Apple went public in December 1980. They successfully raised $100 million at $22 per share. They’ve split those shares 2:1 three times since then, and 7:1 once, and 4:1 once, plus they’ve bought back a lot of shares, but roughly that $22 share today is worth at least $40,000.
If you read this blog, you know that rise in value isn’t what mosts interests me, but rather the fact that Morgan Stanley’s 1981 analyst report said that Apple was an over-the-counter stock rather than saying it was listed on the NASDAQ stock exchange. The NASDAQ was ten years old in 1981.
If you read the most recent post, you learned that Berkshire Hathaway didn’t list on the New York Stock Exchange until 1988. I’ve seen sources that say it too was listed on the NASDAQ years before then, but that doesn’t seem to merit mention even in 1988.
The NASDAQ today (2023) is the second largest stock market in the world, alone larger than most stock markets in most countries. So when exactly did it rise from being considered a fancy electronic way to trade over-the-counter to being a “real” stock market? Best I can find, June 1982.

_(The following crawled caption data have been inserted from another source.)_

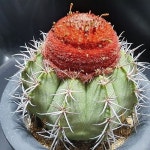 터키모자 구름선인장 실생20년생 국내산 세원선인장 - 선인장(Cactus) Pin on 선인장 Cactus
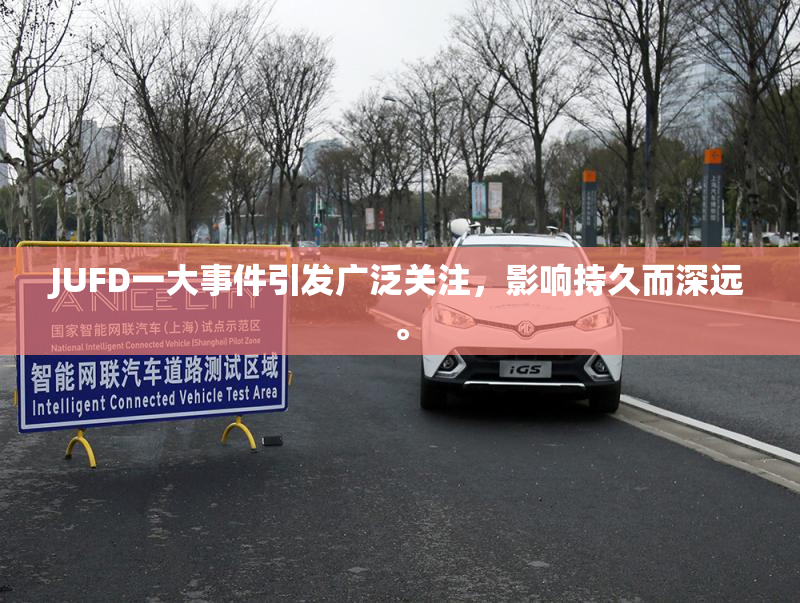 JUFD一大事件引发广泛关注，影响持久而深远。
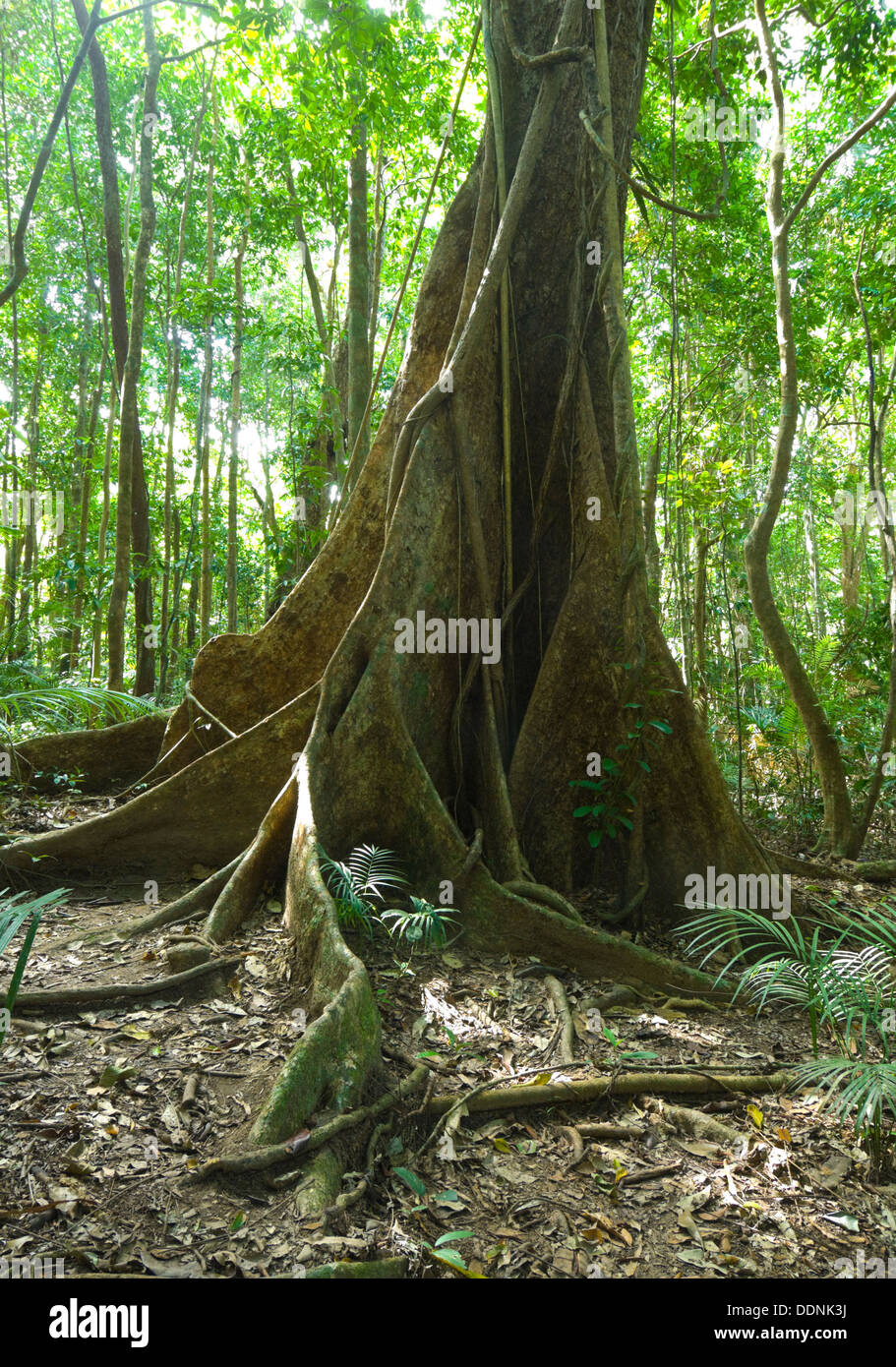Buttress tree hi-res stock photography and images - Alamy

Above is the oldest article I can find in the New Your Times TimesMachine that talks about the “move away from the O-T-C to a separate universe”, with Apple Computer as the first example company mentioned.
So again, just as we all tend to think that venture capital has been around forever, it feels like the NASDAQ has been around just as long, when in fact the NASDAQ as only been truly important for forty years (which for me was 8th grade).